199 companies participated in YC W26's Demo Day. After participating, looking at the data reveals the current state of AI startups.



First, the most impressive aspect is the proportion of AI-related companies. 60% of participating companies are AI-native, 26% are AI-enabled, and only 14% do not use AI. In other words, AI is no longer just a category but has become infrastructure. However, an important nuance here is that we need to look at this from the perspective of "how they are achieving what was impossible with traditional models," rather than simply "using AI."

Looking at the breakdown of business models, 87% are B2B, and only 7% are B2C. This overwhelming skew indicates that current AI technology is optimized for replacing knowledge workers' tasks. Interestingly, most companies aim for full job replacement, not just copilot-style assistance. AI agents are moving toward completely replacing human jobs, not just acting as copilots.

Data on revenue is also intriguing. The median estimated ARR is around $50k to $100k, with growth rates of 30-50% per month. However, only 5% of companies have annual recurring revenue exceeding $1 million, and about 50% still have no income. Many are still in the early stages.

What do the fastest-to-monetize companies have in common? It’s that the founders are "selling to their previous employers." Proximity achieved $700k in annual recurring revenue in less than three weeks. Corvera reached $33,000 in monthly recurring revenue in four weeks. They didn’t need to find customers because they already had customer networks.

This also relates to distribution channels. Of the top 15 rapidly growing B2B companies, 60% acquired initial customers through founder networks or YC networks. Companies struggling to develop markets almost always first build a product and then think about "how to sell." Successful companies start from "who can I reach, and what do they urgently need?"

The proportion of hardware companies is also noteworthy. 18% of participating companies include hardware, a significant increase compared to previous batches. Robots, drones, wearables, space tech—physical products are showing signs of revival.

The composition of founders is also distinctive. 46% are teams of two. The most common setup isn’t "hacker + salesperson," but two technical co-founders with different expertise. The most successful founders are those with deep industry experience—dentists creating AI surgical planning, aircraft maintenance managers developing document automation tools. They’re not selling at cocktail parties but penetrating industries that are quiet but deep.

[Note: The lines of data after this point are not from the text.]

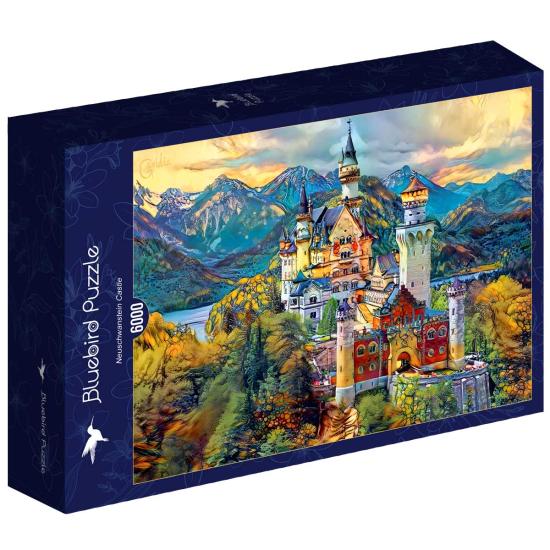 Puzzle Bluebird Castelo Neuschwanstein 6000 Peças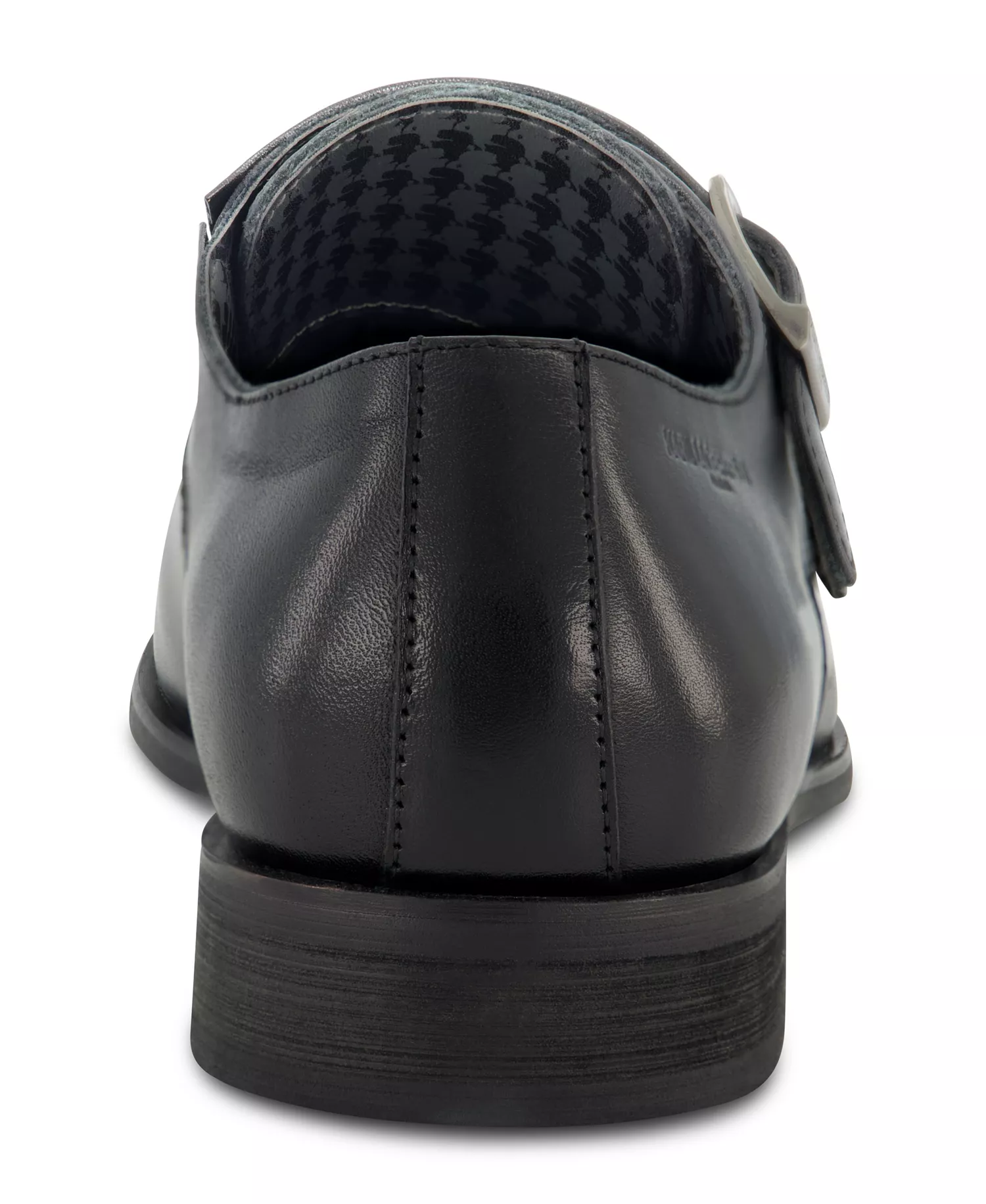 Men's Double Monk Cap Toe Dress Shoe - Black - 7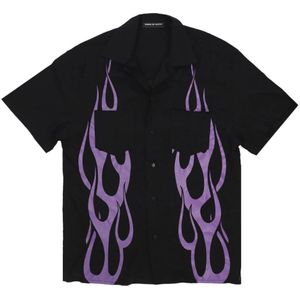 Vision OF Super, Heren, Overhemden, Zwart, Maat: XS Lame,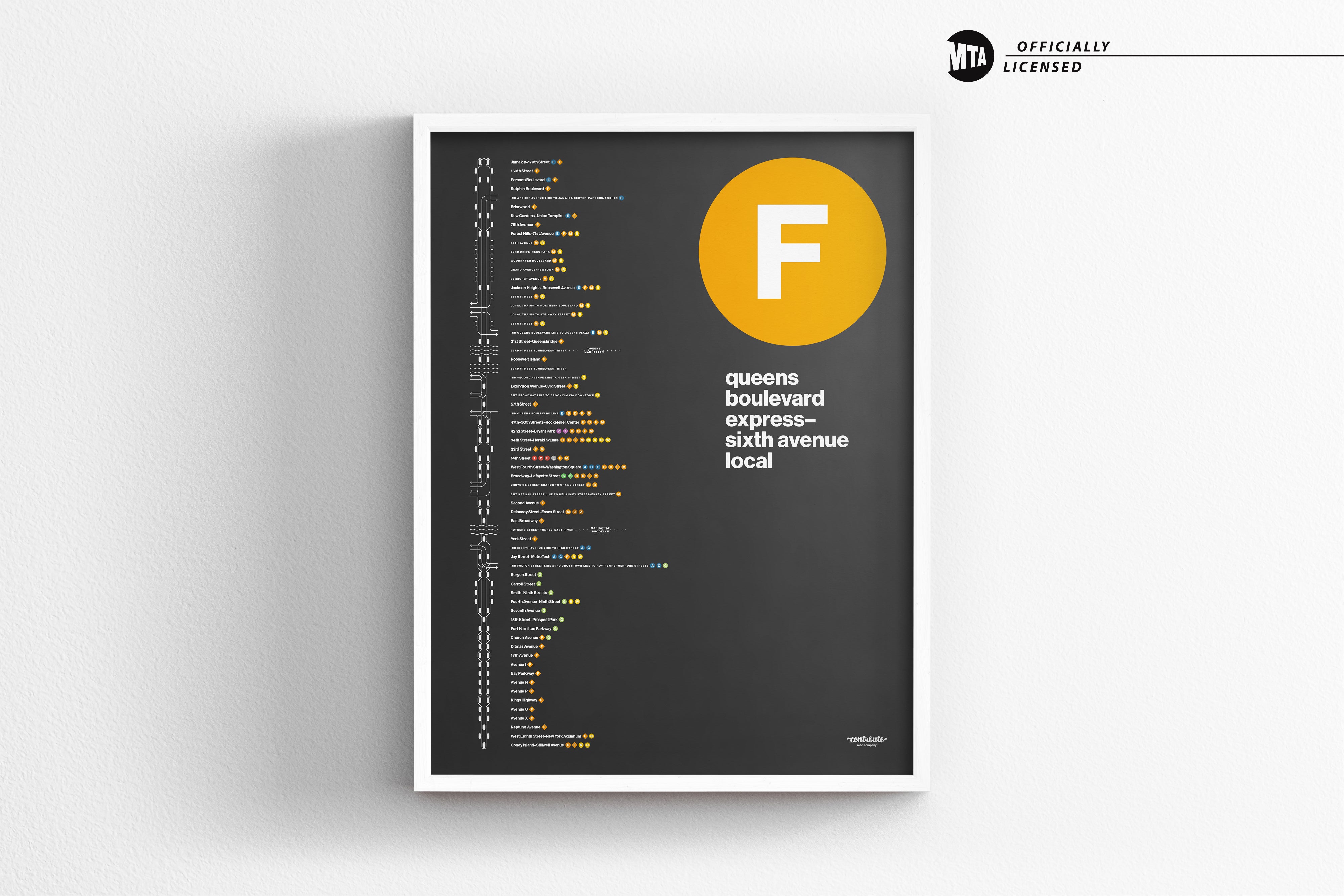 F Train Map / NYC Subway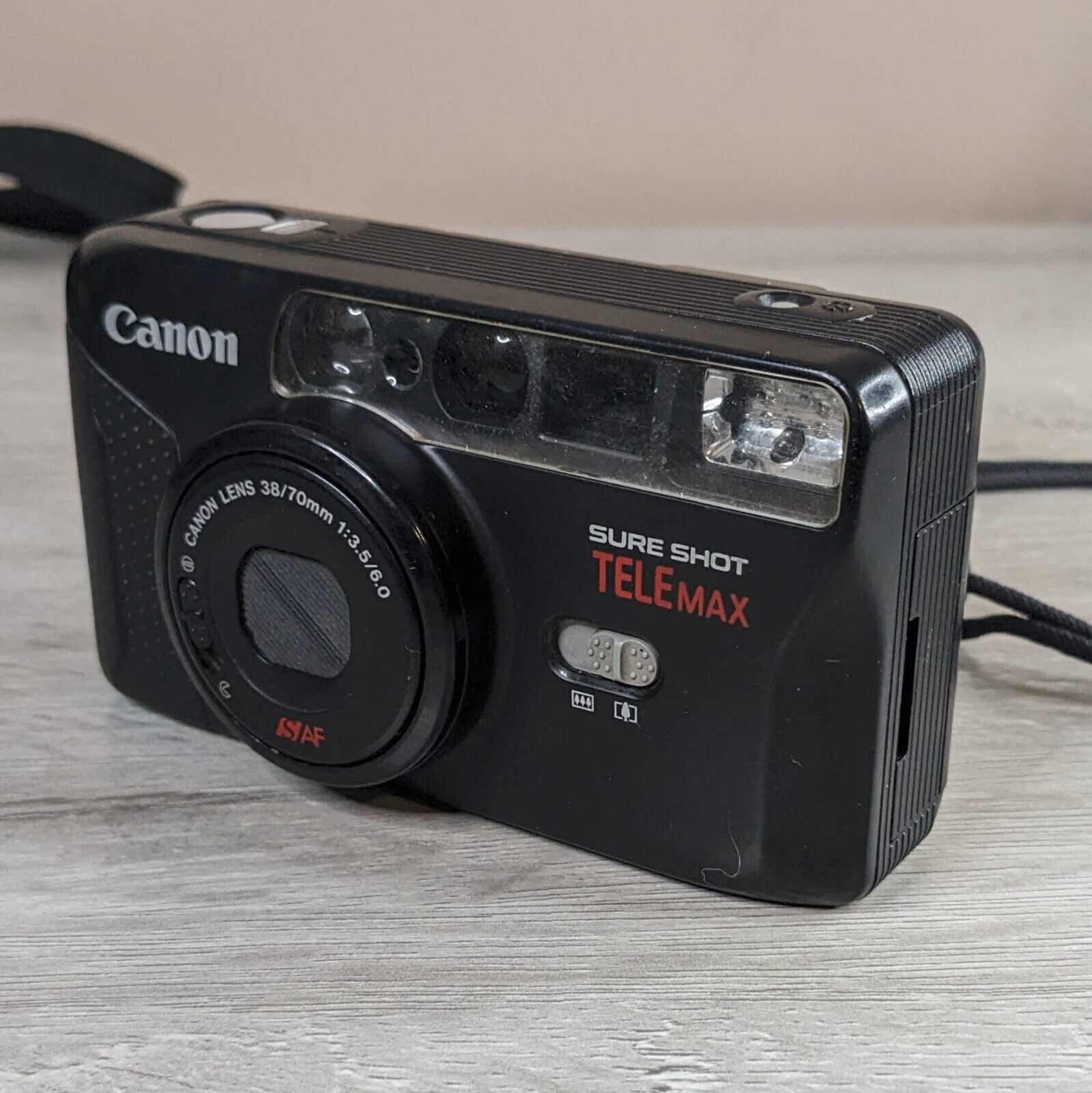 Canon Sure Shot Telemax Film Camera (38-70mm lens) - Partially Tested - £64.06 GBP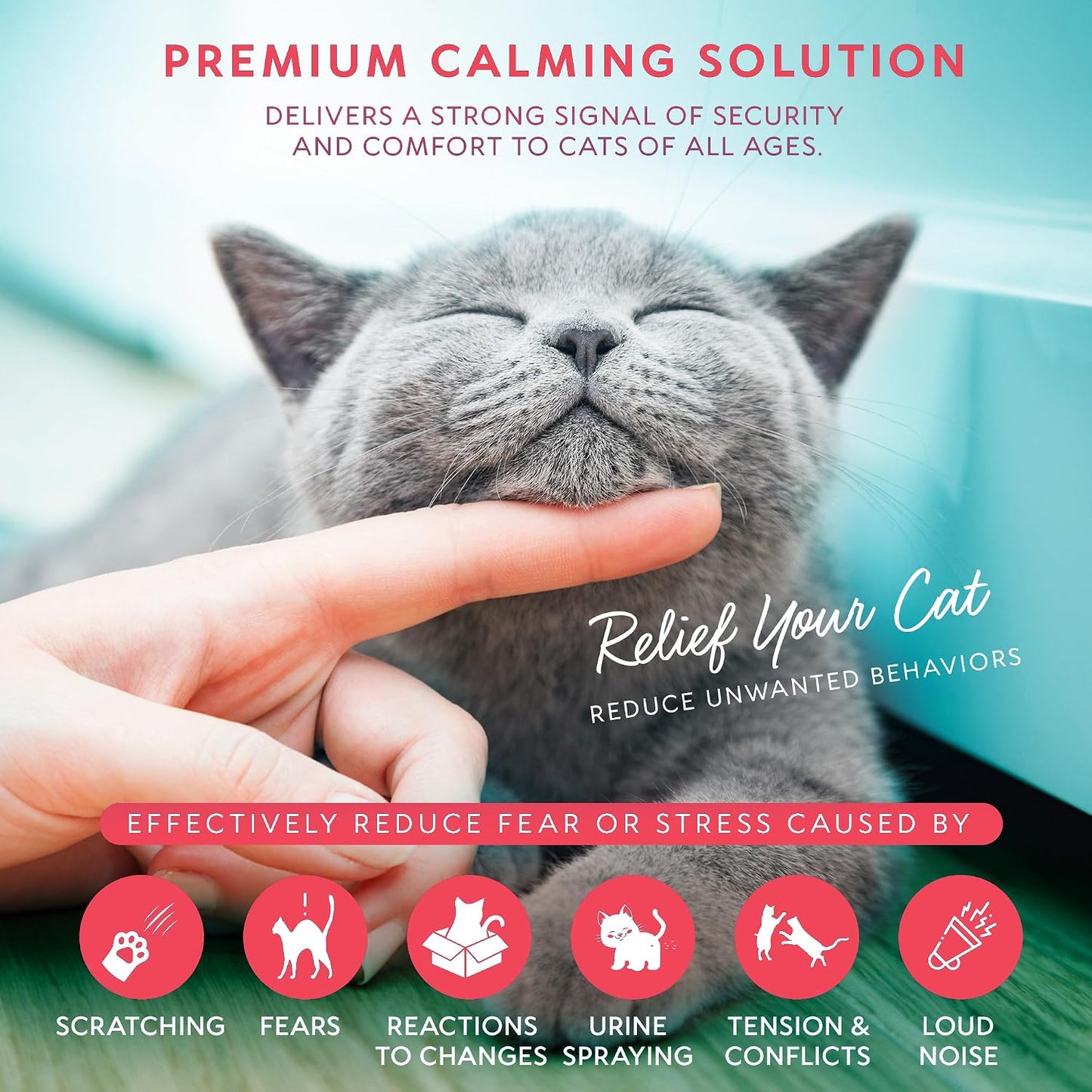 Difusor feromonas calmante para gatos enchufable menta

Whether they can build a data flywheel is another critical factor. LegalOS trained on 12,000 visa application cases and achieved a 100% approval rate. The difference between companies that turn customer interactions into continuous product improvements and those that remain just tools lies here.

There are also notable gaps. No companies related to education. No consumer social media companies. Almost no government tech firms. Paradoxically, the fields with the least funding may hold the greatest potential for future returns.

Finally, clear patterns of failure are also evident. Uniquely un-differentiated agent infrastructure is risky. Eight to ten companies are building the same monitoring, testing, and compression features, but these are typically integrated natively by basic model providers. AI-native services without proprietary data are also vulnerable. General workflow wrappers will be replaced by native implementations of similar functions in GPT-5 within a few months.

The five common traits of the fastest-growing companies are: they sell results, not tools; the founders have already built relationships with customers; they start charging from day one; their customers are in urgent situations; and their MVPs are unusually simple.

What the data from these 199 companies shows is that in the AI era, the most important factors are not technological innovation but a deep understanding of problems, having a customer network, and accumulating data. The era where just "AI wrappers" can survive is coming to an end.